A shrinking market of the PC has been the talk of the technology world in the past 18 months, culminating in recent figures outlining only 76 million units sold during the second quarter of 2013; a 10.9% decline from previous years according to a statement from respected research firm Gartner Inc.
PC shipments in Europe, Middle East and Africa were weakened whilst decline in the Asia Pacific region continued from previous figures in the past 5 quarters. Principal Analyst at Gartner, Mikako Kitagawa, implied a multitude of factors contributing to this decline; including to but not limited to:
- inexpensive tablet devices replacing low-end machines in mature markets
- tablet devices being the first device exposed to people in developing markets
- the sharpness of the decline could be attributed to the shift from the mini notebook market to tablet devices
“While Windows 8 has been blamed by some as the reason for the PC market’s decline, we believe this is unfounded as it does not explain the sustained decline in PC shipments, nor does it explain Apple’s market performance…” stated Ms Kitagawa in the release.
The numbers raise several questions in the growth of the professional market, in which mobile consumption devices could legitimately threaten the market position of PCs. There are no solid figures regards how many people use technology such as tablets or mobile devices to write novels, or manage marketing campaigns or any intensive labour task that receives benefits from sheer computation power.
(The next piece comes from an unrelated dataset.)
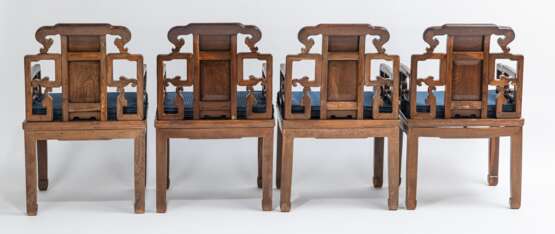 Acht Armlehnstühle aus Holz mit geflochtenen Sitzflächen - Foto 9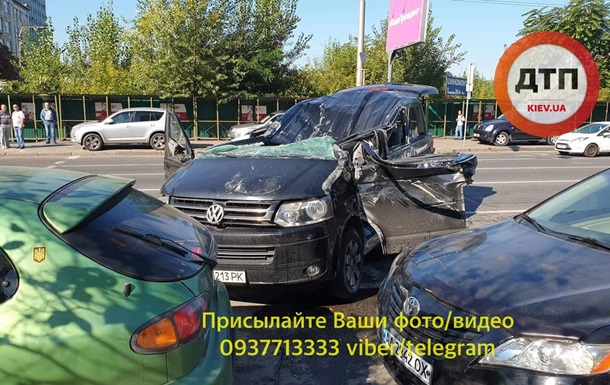 В Киеве столкнулись пять авто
However, an interesting movement – particularly in emerging markets – is the concept of Bring Your Own Device (BYOD). According to independent studies, about 75% of employees in high growth markets – BRICS nations such as Brazil and Russia – and 44% of employees developed markets brought their own device to work.
The concept of BYOD truly emphasises the personal aspect in personal computers; what could be more personal than a device you bring with you anywhere regardless of the current status of employment? With the rise in cloud computing and SaaS (Software as a service) technology in the recent past, this concept has expanded by another order of magnitude in which the device itself is not limiting the workflow of an individual. One person could theoretically produce equal units of work using multiple devices in differing working environments.
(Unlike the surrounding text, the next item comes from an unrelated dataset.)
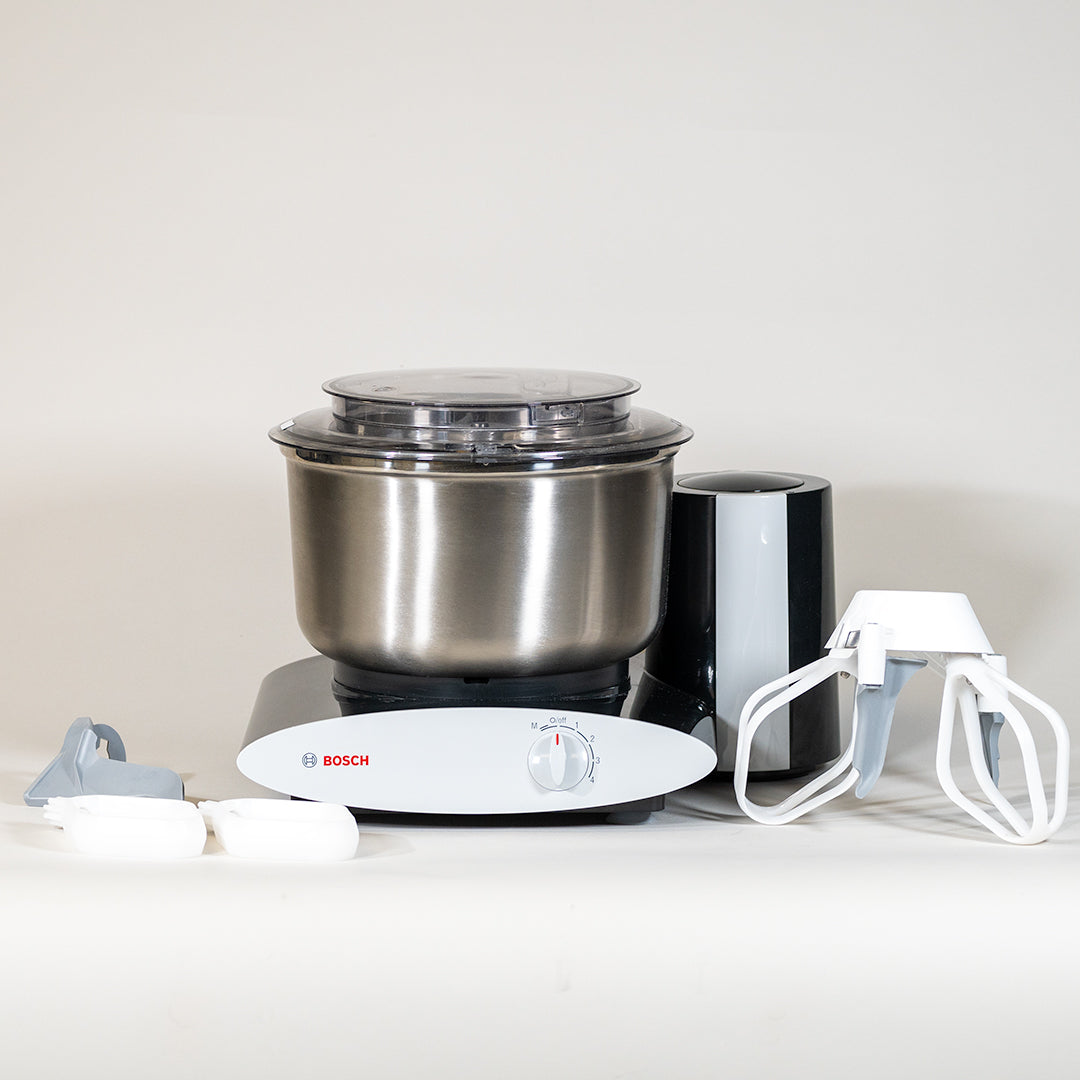 Bosch Universal Plus Stand Mixer with Baker's Pack Bundle - 1000W Powerful Kitchen Mixer for Baking, Dough Kneading & Whipping - Includes Dough Hook, Whisk & Beater (Black) - Perfect for Home Bakers, Cake Decorating & Cookie Making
Some of the industry alarmists may wax poetic on how this decline in the PC consumption rates spells doom for industry giants such as Microsoft. However, the reality is that it was a bubble that had to eventually burst; recent technological advances were an inevitability. The notion that home PC consumption rates were to remain stable in perpetuity was ridiculous in nature to begin with.
This is not a decline in PC sales. This is regression to the mean.
Because the are more external market forces then there have ever been, it is only to be expected that the true market of home personal computing emerge. That market share is truly a niche one, and as PCs are no longer the only sheriff in town the future of personal computing will be set by the demand of that niche.
It is an exciting future in technology, in particularly with this recent generation of Haswell consumption devices and we are merely at the precipice of our relationship with computers. I mentioned earlier how there isn’t any figures on how many novels or marketing campaigns are done on tablet or mobile consumption devices. The interesting aspect will be when children born in this generation of which these devices are the first point of contact into their foray into technology.
In 2030, would we have a wave of budding novelists or marketing gurus that can type 100 words a minute on their equivalent of a mobile device? Only time will tell.